In the past few years, the financial industry has been coming to terms with the fact that there’s a link between taking care of the environment and its own economic well-being, with banks, investors, and insurers now urging companies to disclose nature-related risks.
According to the World Economic Forum (WEF), $44 trillion of the world’s economic output depends on animals and ecosystems, and their demise would also mean financial trouble for the companies that seem to have taken them for granted until recently. For instance, insects pollinate commercial farmlands, wetlands purify water, and coral reefs protect buildings from coastal damage. If these ecosystems are destroyed, corporations stand to lose, too. Biodiversity loss, according to the WEF, presents the third most severe risk to the economy in the next three years. Doing nothing about climate change and extreme weather top the list of dangers as well.
Financial companies have begun taking steps to disclose risks to the environment. The Taskforce on Nature-related Financial Disclosures (TNFD) drafted a template in March for reporting biodiversity impact, the goal of which is to redirect money from companies that rely on and often destroy nature to companies that don’t, or do so less, Lucian Peppelenbos, a climate strategist at the investment firm Robeco, told Vox.
But right now, quantifying impact is messy, confusing, and not standardized. And the scientific foundation for what ecosystems are and how they affect industry is complex.
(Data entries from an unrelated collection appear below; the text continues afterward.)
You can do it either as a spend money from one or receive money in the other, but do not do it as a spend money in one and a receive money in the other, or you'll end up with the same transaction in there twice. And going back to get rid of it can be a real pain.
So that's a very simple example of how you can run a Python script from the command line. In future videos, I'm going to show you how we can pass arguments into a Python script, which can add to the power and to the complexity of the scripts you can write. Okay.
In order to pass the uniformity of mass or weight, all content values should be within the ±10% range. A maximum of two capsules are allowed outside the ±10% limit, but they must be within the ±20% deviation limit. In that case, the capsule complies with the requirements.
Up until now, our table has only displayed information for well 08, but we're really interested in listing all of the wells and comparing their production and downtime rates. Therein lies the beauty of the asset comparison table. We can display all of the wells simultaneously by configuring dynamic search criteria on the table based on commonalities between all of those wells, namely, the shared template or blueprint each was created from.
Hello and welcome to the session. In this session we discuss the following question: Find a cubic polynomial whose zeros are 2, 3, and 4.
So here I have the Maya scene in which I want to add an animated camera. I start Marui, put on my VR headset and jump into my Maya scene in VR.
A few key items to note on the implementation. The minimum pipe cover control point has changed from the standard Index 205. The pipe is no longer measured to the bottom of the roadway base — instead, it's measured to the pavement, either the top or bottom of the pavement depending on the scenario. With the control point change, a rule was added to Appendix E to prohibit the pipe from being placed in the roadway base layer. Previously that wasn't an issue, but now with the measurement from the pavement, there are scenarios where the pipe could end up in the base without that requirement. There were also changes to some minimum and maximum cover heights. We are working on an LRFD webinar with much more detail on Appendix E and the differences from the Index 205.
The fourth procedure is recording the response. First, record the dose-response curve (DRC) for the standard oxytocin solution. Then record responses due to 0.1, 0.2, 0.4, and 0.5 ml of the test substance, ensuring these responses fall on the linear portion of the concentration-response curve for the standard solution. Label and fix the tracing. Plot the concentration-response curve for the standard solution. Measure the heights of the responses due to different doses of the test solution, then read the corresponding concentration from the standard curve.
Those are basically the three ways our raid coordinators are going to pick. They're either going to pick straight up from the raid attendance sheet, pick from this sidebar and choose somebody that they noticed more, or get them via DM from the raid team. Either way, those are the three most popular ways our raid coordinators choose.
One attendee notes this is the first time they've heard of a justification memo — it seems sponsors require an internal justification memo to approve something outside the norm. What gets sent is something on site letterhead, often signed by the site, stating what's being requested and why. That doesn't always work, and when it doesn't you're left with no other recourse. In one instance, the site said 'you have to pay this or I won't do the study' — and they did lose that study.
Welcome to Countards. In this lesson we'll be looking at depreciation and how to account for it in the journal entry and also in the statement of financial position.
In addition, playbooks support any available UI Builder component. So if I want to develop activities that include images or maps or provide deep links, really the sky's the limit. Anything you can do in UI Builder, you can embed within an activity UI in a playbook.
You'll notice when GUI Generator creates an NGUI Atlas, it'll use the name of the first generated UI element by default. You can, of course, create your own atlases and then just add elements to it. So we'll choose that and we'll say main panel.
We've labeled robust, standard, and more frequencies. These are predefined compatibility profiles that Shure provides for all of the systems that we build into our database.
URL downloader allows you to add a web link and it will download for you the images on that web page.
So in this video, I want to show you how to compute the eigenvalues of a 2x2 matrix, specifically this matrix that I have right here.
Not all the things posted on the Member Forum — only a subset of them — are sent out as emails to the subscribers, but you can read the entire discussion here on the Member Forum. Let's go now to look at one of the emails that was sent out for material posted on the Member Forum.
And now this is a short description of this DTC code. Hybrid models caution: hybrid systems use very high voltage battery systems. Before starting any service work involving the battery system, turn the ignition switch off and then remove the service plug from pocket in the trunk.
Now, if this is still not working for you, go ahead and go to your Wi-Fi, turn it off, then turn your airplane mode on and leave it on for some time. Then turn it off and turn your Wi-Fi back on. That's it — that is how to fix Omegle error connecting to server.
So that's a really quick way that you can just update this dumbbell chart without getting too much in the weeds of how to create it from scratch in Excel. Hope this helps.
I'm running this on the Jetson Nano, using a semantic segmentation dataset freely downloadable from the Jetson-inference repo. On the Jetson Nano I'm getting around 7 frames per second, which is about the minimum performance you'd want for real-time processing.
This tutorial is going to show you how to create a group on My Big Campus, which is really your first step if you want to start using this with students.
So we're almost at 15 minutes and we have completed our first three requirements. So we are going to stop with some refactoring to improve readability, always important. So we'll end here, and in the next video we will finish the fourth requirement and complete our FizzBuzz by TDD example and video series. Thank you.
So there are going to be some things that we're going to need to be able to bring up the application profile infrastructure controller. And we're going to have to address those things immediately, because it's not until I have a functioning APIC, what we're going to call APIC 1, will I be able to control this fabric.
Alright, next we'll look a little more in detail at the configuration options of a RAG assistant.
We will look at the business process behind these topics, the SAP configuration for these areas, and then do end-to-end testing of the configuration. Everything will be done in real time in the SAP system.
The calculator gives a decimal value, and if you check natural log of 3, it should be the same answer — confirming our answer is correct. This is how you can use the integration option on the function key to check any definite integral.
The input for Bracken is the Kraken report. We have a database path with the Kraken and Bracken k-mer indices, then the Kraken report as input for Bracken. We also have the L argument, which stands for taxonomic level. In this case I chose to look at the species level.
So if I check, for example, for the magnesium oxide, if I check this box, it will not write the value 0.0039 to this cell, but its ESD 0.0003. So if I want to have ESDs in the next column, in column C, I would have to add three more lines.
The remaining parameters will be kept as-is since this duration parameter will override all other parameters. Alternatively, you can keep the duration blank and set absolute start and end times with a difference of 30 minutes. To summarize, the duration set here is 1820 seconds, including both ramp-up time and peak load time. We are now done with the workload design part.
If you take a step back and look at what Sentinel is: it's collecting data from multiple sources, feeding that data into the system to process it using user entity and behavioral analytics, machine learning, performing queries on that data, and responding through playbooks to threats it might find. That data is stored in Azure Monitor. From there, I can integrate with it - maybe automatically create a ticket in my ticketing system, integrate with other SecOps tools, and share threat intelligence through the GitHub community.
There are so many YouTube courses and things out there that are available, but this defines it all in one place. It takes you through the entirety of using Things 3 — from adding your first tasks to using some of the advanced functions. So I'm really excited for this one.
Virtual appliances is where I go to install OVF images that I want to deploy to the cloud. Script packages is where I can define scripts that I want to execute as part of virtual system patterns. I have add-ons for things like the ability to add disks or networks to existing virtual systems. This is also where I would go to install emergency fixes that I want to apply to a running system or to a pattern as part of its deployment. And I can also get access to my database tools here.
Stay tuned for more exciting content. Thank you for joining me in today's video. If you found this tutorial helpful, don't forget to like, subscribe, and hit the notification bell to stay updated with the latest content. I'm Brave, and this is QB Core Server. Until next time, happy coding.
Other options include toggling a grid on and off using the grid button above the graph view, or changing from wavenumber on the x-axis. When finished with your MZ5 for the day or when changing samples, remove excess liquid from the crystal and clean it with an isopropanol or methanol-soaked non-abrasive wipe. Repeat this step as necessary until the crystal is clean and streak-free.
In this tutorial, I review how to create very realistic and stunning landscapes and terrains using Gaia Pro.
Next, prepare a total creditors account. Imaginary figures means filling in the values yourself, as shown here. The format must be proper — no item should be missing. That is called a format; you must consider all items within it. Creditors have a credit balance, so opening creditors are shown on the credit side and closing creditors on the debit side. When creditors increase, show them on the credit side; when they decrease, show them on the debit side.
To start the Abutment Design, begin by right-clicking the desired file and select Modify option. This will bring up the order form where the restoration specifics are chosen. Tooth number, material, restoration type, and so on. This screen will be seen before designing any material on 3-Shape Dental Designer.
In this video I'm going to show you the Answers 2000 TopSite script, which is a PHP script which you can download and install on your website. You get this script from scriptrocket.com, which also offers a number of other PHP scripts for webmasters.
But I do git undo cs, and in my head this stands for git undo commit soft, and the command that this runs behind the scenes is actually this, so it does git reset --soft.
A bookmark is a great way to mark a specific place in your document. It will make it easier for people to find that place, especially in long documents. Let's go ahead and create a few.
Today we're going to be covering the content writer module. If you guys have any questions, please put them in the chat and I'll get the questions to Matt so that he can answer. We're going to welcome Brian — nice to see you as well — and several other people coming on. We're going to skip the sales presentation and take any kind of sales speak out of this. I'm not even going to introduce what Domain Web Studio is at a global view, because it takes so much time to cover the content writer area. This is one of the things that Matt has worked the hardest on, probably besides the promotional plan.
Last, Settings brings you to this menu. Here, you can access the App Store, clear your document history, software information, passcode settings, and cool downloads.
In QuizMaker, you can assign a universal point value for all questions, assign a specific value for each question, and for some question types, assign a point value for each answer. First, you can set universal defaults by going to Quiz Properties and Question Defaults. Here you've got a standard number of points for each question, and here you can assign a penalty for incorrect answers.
A decrease in insects that pollinate crops, for example, could mean that a food company would have to buy bees instead, imposing additional costs. Or, harming the environment could have negative effects on a company’s reputation, which is aligned with its share price. There is also what’s called transition risk, Vox reports, which encompasses expensive changes in plans based on environmental impact.
This complexity makes it difficult to implement successful measurement strategies, according to Partha Dasgupta, an economist at Cambridge University who wrote a well-known paper in 2021 on the economics of biodiversity.
Good first steps include consolidating existing tools and creating new and better ones. The nature-related risk measurement systems that corporations now have in place fall under the loosely-defined Environmental, Social, and Governance (ESG) criteria.
“I think it’s going to be a mess for a while,” said Aled Jones, a professor of sustainable finance at Anglia Ruskin University. “But we will make progress on disclosure.”